### Your task
All records are to be restated word for word, with pictures excluded.

Dataset excerpts:
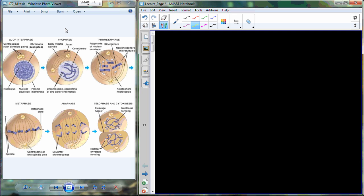On Friday, we finished up with mitosis on pictures, and we went through prophase, metaphase, anaphase, and telophase.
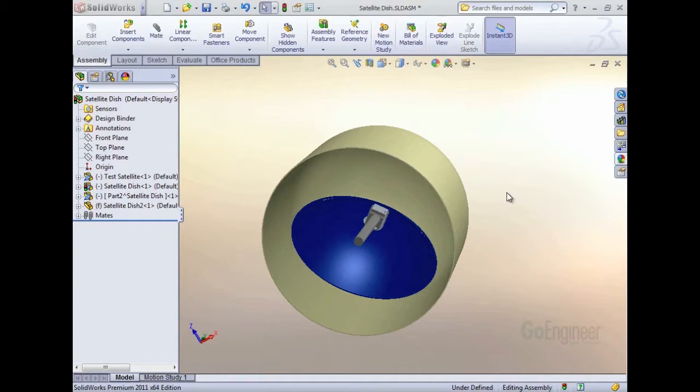Hello, my name is Matt Morgan from GoEngineer. In this video, I'll show you an idea of how you can create an enclosure around moving parts.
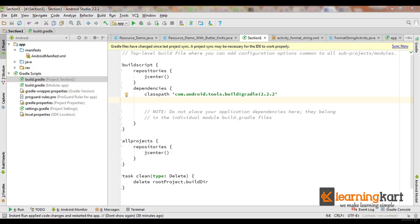Now we have an idea of how ButterKnife works and what exactly is the purpose for which we use ButterKnife. So in order to use this in a project, let's get started.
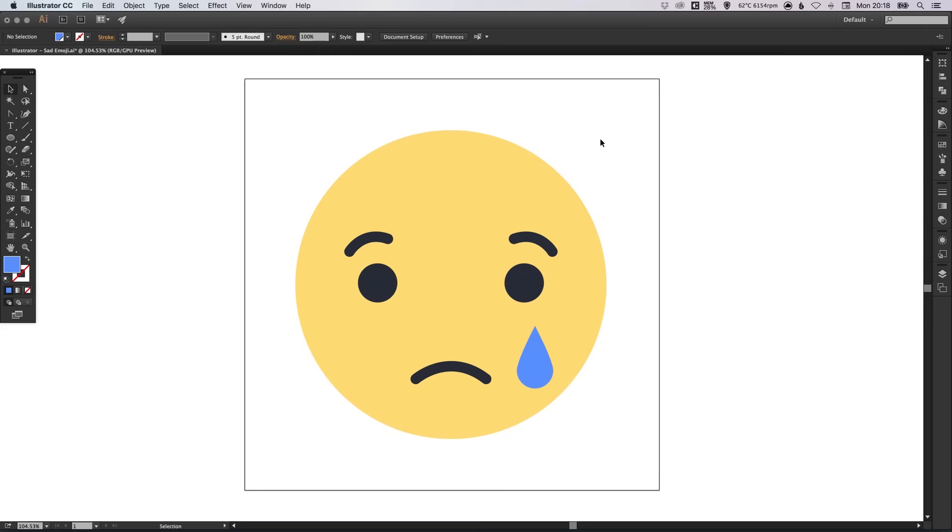And there we go. That's how we create the sad Facebook emoji in Adobe Illustrator. As always guys, please feel free to leave any questions or comments below. Like this video if you enjoyed it. Take care. And I'll see you next time. I feel so sad now.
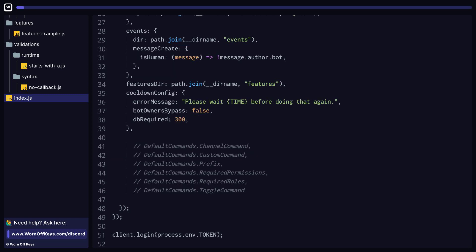And finally, WarnoffKey's commands comes with a number of built-in commands to make it easier to run for the server owners. However, not everyone likes these types of commands, so you can disable them if you want. Simply pass in disable default commands as an array and pass in whatever commands you want to disable.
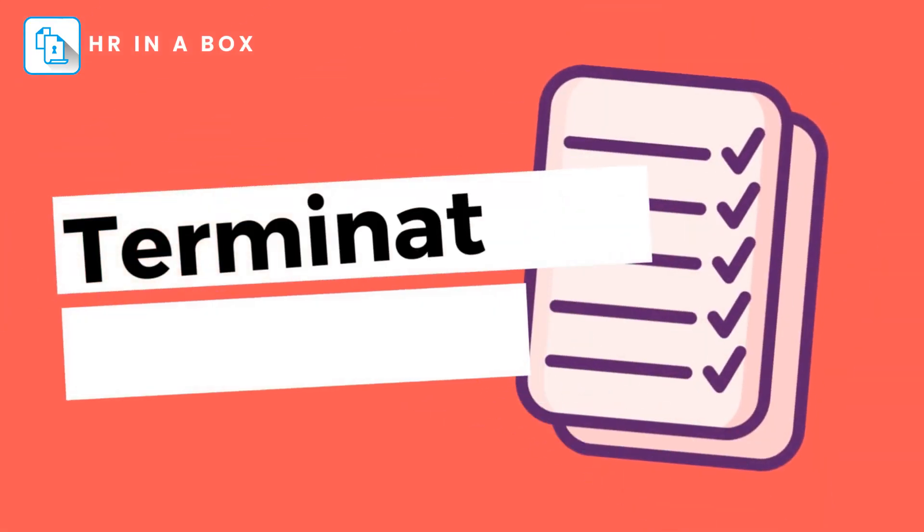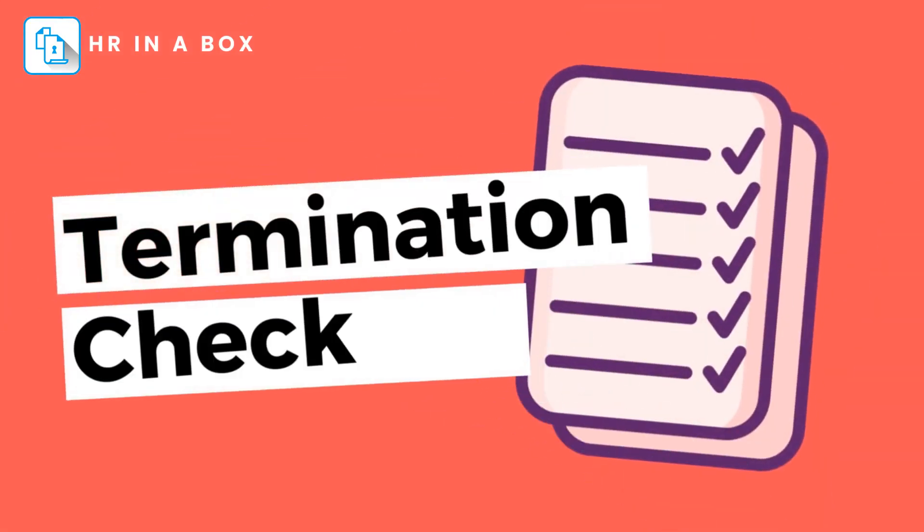Welcome to HR in a Box. Our termination checklist is a comprehensive tool designed to help businesses of all sizes navigate the termination process with ease.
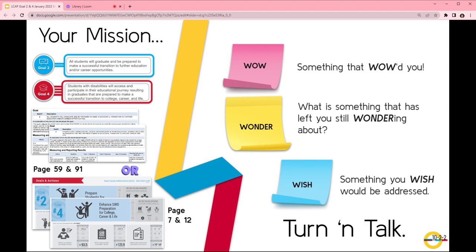Now is the time to dive into both Goals 2 and 4. Using either the full LCAP document or the condensed version, read, review, and reflect by yourself for a few minutes, and then turn and talk with a partner or a small group about your wows, wonders, and wishes. Pause the video here, and when you come back, we will move forward with a Thought Exchange.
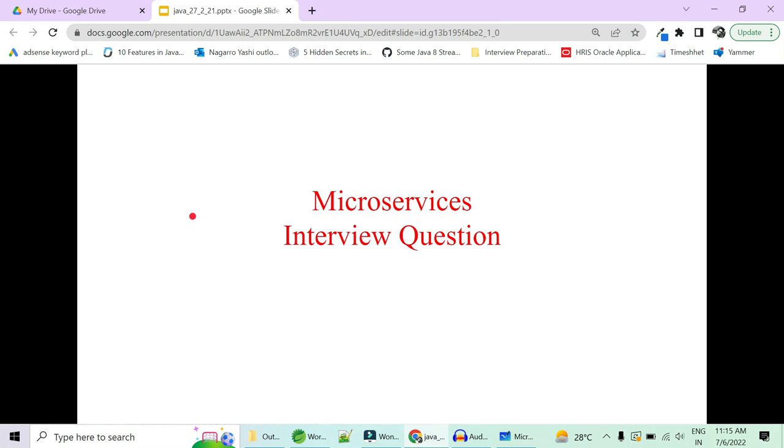Hi guys, welcome to Code Decode. Today in this video we are going to cover some more important microservices interview questions.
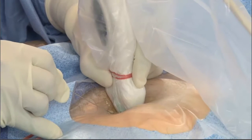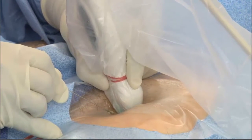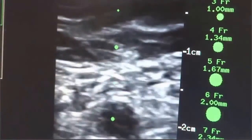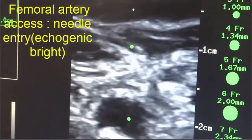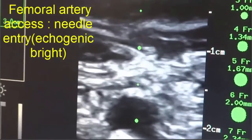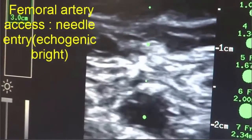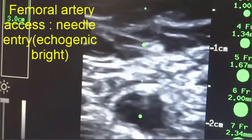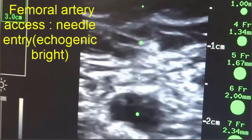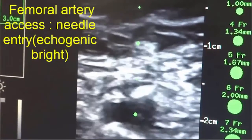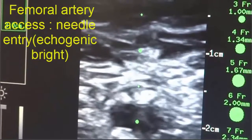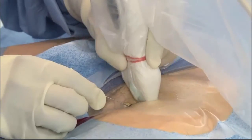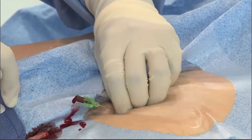During needle advancement, the anterior wall of the vessel is kept under the central target line. Once the artery is centralized using the green dotted line, you can see the indentation by the echogenic needle and needle entry of the anterior wall of the common femoral artery. Once the puncture occurs, the vessel wall returns to normal shape. Hold the needle, then remove the probe away from the needle and advance the wire.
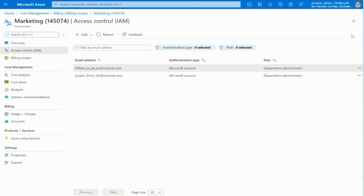We hope this video was useful for managing departments as an enterprise administrator and as a department administrator, as well as managing roles in the Azure portal. Thanks for watching.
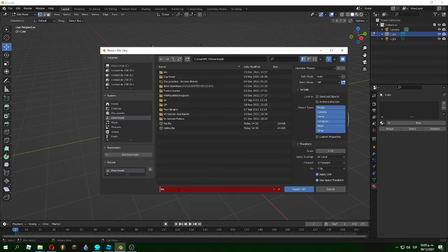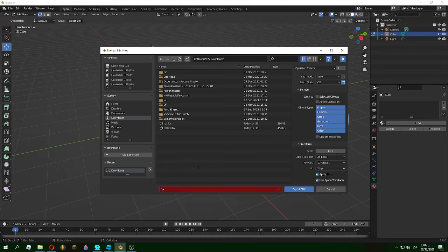Put your name or a different name. I'm gonna put tutorial. And now export here.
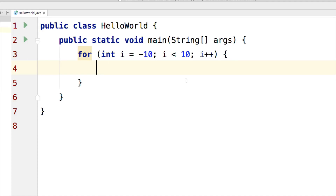Hi there, this is Veves here. In this video, I will show you an example of the continue keyword in Java on IntelliJ IDEA.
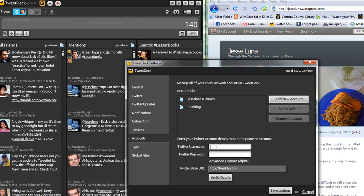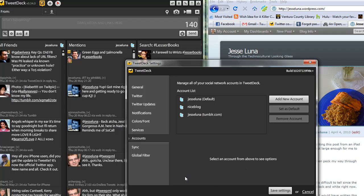And then I have to go in and put my username and password, and then let's click on Verify Details, make sure that's going in there.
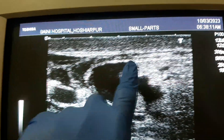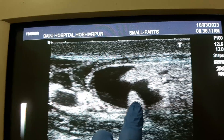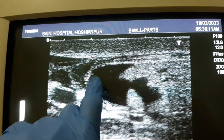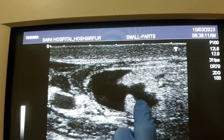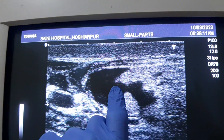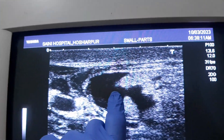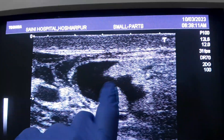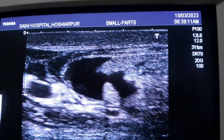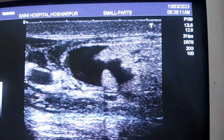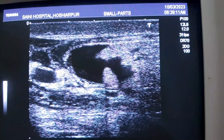Obstructive hernia with omentum content in the inguinal area. This part shows some fluid, which indicates some obstruction. If you check the vascularity, it is there. Here it is tested — you can see the testis here also.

### Completed task
On Friday, we finished up with mitosis on pictures, and we went through prophase, metaphase, anaphase, and telophase.
Hello, my name is Matt Morgan from GoEngineer. In this video, I'll show you an idea of how you can create an enclosure around moving parts.
Now we have an idea of how ButterKnife works and what exactly is the purpose for which we use ButterKnife. So in order to use this in a project, let's get started.
And there we go. That's how we create the sad Facebook emoji in Adobe Illustrator. As always guys, please feel free to leave any questions or comments below. Like this video if you enjoyed it. Take care. And I'll see you next time. I feel so sad now.
And finally, WarnoffKey's commands comes with a number of built-in commands to make it easier to run for the server owners. However, not everyone likes these types of commands, so you can disable them if you want. Simply pass in disable default commands as an array and pass in whatever commands you want to disable.
Welcome to HR in a Box. Our termination checklist is a comprehensive tool designed to help businesses of all sizes navigate the termination process with ease.
Now is the time to dive into both Goals 2 and 4. Using either the full LCAP document or the condensed version, read, review, and reflect by yourself for a few minutes, and then turn and talk with a partner or a small group about your wows, wonders, and wishes. Pause the video here, and when you come back, we will move forward with a Thought Exchange.
Hi guys, welcome to Code Decode. Today in this video we are going to cover some more important microservices interview questions.
During needle advancement, the anterior wall of the vessel is kept under the central target line. Once the artery is centralized using the green dotted line, you can see the indentation by the echogenic needle and needle entry of the anterior wall of the common femoral artery. Once the puncture occurs, the vessel wall returns to normal shape. Hold the needle, then remove the probe away from the needle and advance the wire.
We hope this video was useful for managing departments as an enterprise administrator and as a department administrator, as well as managing roles in the Azure portal. Thanks for watching.
Put your name or a different name. I'm gonna put tutorial. And now export here.
Hi there, this is Veves here. In this video, I will show you an example of the continue keyword in Java on IntelliJ IDEA.
And then I have to go in and put my username and password, and then let's click on Verify Details, make sure that's going in there.
Obstructive hernia with omentum content in the inguinal area. This part shows some fluid, which indicates some obstruction. If you check the vascularity, it is there. Here it is tested — you can see the testis here also.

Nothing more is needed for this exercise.